╭──

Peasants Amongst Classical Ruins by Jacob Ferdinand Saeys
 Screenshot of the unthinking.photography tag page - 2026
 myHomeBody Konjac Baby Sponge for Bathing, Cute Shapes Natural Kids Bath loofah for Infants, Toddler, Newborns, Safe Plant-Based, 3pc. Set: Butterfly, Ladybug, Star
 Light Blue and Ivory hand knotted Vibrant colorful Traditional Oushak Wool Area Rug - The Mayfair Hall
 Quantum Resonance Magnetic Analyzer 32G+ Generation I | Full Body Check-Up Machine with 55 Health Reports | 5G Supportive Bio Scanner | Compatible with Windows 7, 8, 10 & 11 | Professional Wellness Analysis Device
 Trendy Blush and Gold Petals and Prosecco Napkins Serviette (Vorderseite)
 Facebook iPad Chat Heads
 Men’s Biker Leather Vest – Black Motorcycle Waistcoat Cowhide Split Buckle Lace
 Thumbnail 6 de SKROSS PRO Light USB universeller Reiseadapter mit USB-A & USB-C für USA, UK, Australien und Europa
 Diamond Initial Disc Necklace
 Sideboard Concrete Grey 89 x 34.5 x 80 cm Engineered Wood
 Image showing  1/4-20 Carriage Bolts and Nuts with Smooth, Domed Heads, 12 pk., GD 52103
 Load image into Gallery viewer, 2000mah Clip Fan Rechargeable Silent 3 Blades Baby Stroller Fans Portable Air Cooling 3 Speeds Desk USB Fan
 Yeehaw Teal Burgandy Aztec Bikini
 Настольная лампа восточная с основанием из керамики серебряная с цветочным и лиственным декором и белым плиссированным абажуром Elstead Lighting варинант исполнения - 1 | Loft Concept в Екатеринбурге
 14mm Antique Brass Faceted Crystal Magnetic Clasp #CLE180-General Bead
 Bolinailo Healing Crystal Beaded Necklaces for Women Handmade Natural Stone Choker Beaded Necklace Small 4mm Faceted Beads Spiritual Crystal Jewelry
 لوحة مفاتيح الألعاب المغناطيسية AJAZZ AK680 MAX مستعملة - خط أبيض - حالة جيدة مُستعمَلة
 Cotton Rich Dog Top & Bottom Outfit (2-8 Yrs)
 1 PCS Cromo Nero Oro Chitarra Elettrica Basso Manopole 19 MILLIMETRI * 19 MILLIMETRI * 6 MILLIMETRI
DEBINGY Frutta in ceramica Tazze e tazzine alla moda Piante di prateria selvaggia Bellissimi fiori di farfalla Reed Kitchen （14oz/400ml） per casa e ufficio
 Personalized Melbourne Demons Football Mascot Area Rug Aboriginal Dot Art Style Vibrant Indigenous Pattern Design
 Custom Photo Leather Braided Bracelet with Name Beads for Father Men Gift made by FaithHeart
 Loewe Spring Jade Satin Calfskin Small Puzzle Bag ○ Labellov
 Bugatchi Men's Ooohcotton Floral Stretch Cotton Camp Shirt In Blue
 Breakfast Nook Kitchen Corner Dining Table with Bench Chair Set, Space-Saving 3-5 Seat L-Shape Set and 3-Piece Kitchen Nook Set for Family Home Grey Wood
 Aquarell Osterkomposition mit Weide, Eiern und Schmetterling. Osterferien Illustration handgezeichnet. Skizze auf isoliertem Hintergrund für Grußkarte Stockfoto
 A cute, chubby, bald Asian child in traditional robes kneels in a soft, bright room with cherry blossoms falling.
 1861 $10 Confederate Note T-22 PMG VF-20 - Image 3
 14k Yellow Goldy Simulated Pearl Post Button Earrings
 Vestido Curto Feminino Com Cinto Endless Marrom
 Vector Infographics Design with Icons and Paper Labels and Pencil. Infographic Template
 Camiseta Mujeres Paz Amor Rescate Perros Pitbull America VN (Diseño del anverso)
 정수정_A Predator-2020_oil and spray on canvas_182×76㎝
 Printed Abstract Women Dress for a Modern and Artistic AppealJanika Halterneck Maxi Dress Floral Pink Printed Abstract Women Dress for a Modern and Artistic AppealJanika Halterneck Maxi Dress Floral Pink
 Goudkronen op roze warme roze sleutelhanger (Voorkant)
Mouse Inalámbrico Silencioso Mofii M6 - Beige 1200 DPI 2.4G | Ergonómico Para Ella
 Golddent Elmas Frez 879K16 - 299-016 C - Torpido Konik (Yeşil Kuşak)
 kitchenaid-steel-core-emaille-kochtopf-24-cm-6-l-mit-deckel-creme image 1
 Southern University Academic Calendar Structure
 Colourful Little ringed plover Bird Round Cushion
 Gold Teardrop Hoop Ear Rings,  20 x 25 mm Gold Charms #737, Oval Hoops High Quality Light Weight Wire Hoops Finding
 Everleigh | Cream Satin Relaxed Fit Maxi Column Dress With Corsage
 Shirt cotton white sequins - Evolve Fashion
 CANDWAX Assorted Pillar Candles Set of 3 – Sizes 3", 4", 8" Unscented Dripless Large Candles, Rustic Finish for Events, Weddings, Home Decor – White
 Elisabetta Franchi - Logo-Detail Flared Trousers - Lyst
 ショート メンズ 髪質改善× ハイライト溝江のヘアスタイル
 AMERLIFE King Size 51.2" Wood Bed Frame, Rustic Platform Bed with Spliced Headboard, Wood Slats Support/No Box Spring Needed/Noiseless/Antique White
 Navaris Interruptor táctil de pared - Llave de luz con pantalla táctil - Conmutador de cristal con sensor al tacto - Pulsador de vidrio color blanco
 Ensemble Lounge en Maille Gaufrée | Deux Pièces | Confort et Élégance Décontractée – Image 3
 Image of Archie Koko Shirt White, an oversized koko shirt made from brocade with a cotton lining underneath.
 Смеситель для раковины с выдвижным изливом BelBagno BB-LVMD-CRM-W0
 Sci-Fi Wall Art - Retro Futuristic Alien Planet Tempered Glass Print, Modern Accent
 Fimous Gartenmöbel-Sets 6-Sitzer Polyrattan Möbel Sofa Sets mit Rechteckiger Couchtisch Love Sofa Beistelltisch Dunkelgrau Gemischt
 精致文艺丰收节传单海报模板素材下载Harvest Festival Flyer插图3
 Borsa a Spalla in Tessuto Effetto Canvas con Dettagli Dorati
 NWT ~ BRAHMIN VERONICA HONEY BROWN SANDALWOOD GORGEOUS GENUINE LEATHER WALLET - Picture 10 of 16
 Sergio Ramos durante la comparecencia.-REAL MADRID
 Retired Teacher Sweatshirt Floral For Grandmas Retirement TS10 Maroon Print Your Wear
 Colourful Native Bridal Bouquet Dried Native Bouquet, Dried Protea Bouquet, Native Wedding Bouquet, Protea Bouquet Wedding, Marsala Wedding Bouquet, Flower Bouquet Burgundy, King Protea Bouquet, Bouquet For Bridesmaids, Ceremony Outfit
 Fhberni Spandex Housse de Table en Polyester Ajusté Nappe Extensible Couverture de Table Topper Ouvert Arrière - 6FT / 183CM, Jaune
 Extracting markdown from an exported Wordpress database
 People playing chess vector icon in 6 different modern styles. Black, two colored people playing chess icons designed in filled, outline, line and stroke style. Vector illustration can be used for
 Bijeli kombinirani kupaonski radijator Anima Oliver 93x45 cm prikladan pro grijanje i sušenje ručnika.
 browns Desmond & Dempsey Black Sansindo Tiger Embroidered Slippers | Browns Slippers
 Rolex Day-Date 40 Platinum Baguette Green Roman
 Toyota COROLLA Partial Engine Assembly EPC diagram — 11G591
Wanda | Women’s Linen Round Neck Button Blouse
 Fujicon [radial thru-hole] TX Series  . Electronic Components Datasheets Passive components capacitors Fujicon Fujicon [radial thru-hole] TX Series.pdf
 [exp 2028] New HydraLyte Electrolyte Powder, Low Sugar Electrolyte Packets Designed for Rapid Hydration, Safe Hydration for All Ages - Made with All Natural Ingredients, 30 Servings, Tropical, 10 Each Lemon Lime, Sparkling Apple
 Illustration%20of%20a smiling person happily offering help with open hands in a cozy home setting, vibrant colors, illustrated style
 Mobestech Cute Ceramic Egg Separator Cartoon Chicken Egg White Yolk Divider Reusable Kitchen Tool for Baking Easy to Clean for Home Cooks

╰──

● **WHAT YOU NEED TO DO**
Take the listing above and repeat exactly the lines from the one containing "Image of Archie" through the one containing "Sci-Fi Wall Art", both included.

● **RESULT BELOW**
 Image of Archie Koko Shirt White, an oversized koko shirt made from brocade with a cotton lining underneath.
 Смеситель для раковины с выдвижным изливом BelBagno BB-LVMD-CRM-W0
 Sci-Fi Wall Art - Retro Futuristic Alien Planet Tempered Glass Print, Modern Accent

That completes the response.